Creditors of a company in voluntary administration are required to vote at a “watershed meeting” on one of three exit routes from administration, namely (1) the execution of a restructuring plan called “deed of company arrangement”, (2) the termination of administration and returning control of the company to its directors or (3) the liquidation of the company.

One of the hallmarks of voluntary administration is that during the process, a statutory moratorium operates to protect the company against claims from and stripping of assets by individual creditors. The purpose of such moratorium is to maximize the chances of achieving corporate or business rescue. Notably, no person shall enforce a charge over property of the company except with the administrator’s written consent or with the permission of the Court.

It is open to a secured creditor to apply to the Court to obtain leave to enforce its security and the Court may make such an order where it is satisfied that in all the circumstances, serious prejudice will be caused to the secured creditor if the application is not granted which outweighs the prejudice caused to the other creditors arising from the granting of the application – section 251 of Act.

The first decision on a section 251 application was handed down recently. In The Mauritius Commercial Bank Limited v Hajee Abdoula 2016 SCJ 304, the bank was dissatisfied with the appointment by the directors of two companies of an administrator. The bank promptly appointed a receiver and manager over those companies, and applied to the Court under section 251 for leave to enforce its security.

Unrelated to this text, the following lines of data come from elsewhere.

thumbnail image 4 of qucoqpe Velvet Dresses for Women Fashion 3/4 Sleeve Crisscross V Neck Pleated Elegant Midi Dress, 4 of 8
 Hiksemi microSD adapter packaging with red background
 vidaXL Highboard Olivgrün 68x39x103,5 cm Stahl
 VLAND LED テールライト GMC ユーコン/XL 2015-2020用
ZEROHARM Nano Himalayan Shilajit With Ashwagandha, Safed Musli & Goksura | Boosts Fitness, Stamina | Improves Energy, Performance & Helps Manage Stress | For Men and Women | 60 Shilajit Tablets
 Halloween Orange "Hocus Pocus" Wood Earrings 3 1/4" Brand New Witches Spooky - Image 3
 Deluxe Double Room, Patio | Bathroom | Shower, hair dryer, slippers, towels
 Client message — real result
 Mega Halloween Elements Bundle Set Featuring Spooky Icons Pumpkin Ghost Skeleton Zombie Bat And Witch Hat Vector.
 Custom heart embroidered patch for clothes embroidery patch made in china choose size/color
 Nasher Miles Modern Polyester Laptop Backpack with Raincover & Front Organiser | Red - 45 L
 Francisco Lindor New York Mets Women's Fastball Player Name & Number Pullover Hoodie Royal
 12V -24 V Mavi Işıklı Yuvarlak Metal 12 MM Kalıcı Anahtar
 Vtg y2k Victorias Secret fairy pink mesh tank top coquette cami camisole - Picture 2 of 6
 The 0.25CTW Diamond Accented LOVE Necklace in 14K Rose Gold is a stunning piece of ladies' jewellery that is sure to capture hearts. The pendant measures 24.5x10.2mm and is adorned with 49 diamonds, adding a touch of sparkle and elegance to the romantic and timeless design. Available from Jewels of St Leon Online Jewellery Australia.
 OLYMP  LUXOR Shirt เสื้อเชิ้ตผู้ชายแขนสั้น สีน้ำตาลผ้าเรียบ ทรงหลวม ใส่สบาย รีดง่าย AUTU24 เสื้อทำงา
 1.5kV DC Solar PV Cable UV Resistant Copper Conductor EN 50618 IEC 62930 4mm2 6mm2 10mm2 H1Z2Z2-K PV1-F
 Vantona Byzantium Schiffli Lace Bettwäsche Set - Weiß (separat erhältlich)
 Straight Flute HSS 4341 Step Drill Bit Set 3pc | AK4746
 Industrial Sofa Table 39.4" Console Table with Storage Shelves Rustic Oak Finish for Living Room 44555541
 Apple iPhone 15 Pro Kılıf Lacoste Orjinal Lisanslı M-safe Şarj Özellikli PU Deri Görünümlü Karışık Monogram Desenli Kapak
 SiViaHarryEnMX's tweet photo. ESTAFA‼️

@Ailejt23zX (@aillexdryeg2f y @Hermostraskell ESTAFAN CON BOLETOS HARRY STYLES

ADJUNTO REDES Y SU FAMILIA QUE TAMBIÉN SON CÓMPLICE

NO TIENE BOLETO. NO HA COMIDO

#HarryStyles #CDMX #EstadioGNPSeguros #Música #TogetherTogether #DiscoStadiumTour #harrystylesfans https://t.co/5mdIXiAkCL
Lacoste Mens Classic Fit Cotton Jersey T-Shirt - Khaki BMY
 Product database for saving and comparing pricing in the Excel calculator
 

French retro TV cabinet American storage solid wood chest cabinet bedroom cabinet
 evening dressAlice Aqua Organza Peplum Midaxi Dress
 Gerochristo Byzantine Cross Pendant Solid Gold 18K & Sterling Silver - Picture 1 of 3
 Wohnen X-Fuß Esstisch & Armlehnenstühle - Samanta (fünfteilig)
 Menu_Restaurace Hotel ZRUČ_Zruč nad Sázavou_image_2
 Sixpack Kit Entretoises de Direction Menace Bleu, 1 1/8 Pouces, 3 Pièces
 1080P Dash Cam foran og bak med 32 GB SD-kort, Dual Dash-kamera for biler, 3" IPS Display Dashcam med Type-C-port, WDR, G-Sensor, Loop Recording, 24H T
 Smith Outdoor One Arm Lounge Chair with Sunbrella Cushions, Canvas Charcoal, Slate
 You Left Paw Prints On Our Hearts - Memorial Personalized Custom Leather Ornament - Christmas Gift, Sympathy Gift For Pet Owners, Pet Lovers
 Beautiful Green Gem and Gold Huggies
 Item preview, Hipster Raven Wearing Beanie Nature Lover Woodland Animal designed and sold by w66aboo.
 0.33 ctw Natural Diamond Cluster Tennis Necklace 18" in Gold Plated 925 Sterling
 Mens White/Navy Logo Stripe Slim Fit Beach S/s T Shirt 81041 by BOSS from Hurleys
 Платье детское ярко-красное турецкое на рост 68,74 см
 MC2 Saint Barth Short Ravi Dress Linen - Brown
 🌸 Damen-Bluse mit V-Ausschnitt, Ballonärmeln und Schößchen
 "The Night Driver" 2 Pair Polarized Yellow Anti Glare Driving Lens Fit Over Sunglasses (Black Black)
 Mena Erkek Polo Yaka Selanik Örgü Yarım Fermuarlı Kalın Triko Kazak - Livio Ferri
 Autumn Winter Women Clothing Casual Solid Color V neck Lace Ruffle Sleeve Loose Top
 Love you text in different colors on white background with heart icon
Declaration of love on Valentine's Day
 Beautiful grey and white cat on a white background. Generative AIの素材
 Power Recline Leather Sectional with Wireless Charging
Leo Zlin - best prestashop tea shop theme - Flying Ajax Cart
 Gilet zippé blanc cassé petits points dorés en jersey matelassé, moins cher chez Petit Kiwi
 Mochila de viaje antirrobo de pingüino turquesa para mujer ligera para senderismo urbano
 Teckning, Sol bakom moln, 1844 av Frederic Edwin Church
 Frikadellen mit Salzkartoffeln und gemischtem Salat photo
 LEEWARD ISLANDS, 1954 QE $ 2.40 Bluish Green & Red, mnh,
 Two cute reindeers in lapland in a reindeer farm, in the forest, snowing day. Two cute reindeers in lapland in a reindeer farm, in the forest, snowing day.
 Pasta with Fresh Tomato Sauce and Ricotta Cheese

The bank’s case largely revolved around events which took place in a previous injunction application by the companies seeking interim orders restraining the bank from enforcing its security. The bank gave an undertaking that it would not enforce certain share pledges but made it clear that it intended to appoint a receiver. In the light of such undertaking, the companies withdrew their injunction application but their directors proceeded to appoint the administrator on the same day.

The bank’s section 251 application was resisted by the administrator. The Court, after having rejected certain procedural objections about the application raised by the administrator, went on to grant leave to the bank to enforce its security. The judge accepted the bank’s evidence to the effect that: (1) the bank debt amounted to some 98% of the total debts of the two companies and the latter did not have any business other than to hold the assets over which the bank had security; and (2) the appointment of the administrator by the companies was made in ambush, in bad faith and as part of a plan to prevent the bank from enforcing its security.

As a practical application of section 251 of the Act, the decision will be welcome to secured lenders. One can also see the commercial sense of the judgment, in circumstances where the bank was the overwhelming creditor of the companies and there was no business as such to restructure for the benefit of creditors as a whole.

Some aspects of the judgment nevertheless call for further consideration.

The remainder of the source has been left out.